Last update: 7 November 2007
Languages are ultimately based on sounds, not letters; romanisation is thus not the art of designing your phonology by choosing an interesting use for every single letter and several combinations of letters. We've all been guilty of this; my first conlang used both <s z> and <t d> for /s z/, while /t d/ had to be represented by <pt bd>!
Diacritics should generally be used consistently and sparingly. They are useful if, for example, you have two parallel series of phonemes for which similar transcriptions are clearly desireable - for example long and short vowels, or plain and palatalised consonants. On the other hand, more or less as Katherine "Deverry" Kerr put it, your readers don't necessarily want to be confronted with words which bristle like porcupines; if you decide to use diacritics, it is better to save them for less common phonemes.
Digraphs, on the other hand, are potentially ambiguous. For example, if you use <s> and <h> for /s/ and /h/ respectively, and decide to use <sh> for /S/, you have to think about how to represent the sequence /sh/. If it doesn't occur at all in your conlang, or the ambiguity doesn't trouble you, there's obviously no problem; otherwise you could separate the letters with an apostrophe, viz. <s'h>.

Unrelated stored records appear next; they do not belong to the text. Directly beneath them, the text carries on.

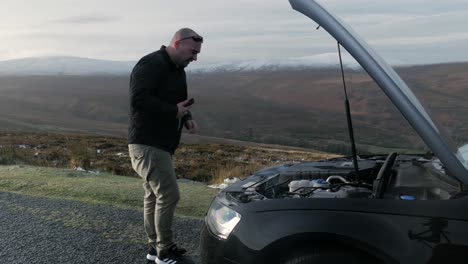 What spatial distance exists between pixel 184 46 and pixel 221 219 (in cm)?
157

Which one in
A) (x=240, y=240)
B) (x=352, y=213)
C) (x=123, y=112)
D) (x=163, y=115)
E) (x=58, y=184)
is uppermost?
(x=163, y=115)

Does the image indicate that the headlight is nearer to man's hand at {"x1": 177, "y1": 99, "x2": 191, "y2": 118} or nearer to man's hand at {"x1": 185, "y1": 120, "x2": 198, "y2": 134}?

FInally, extra letters are useful for one-off transcriptions of otherwise difficult phonemes, but there aren't very many of them, and they tend to have well-defined uses which may not fit your conlang. They also tend to stand out somewhat as unusual, and they're not always easy to type.

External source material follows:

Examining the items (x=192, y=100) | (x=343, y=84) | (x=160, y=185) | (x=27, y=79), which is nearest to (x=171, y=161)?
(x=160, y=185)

Ultimately it's down to your personal preference which you use; the discussion below will present examples of all three.
<c> is probably the most troublesome single consonant letter; it is natural for /ts/ and /k/ in Slavic- and Celtic-flavoured romanisations respectively, and represents /tS/ in Indonesian, Malay, and Sanskrit. Less justifiably, it could be used for /S/, as I did in older transcriptions of some of my other conlangs; it might also be a possibility for /c/. Generally speaking, though, it should be treated with caution.
<g> is best used for plain /g/, unless you really have a rule like in English where /g/ often becomes /dZ/ before front vowels. It could also be used for the velar nasal /N/, or for /dZ/ or /Z/, if your conlang has no /g/.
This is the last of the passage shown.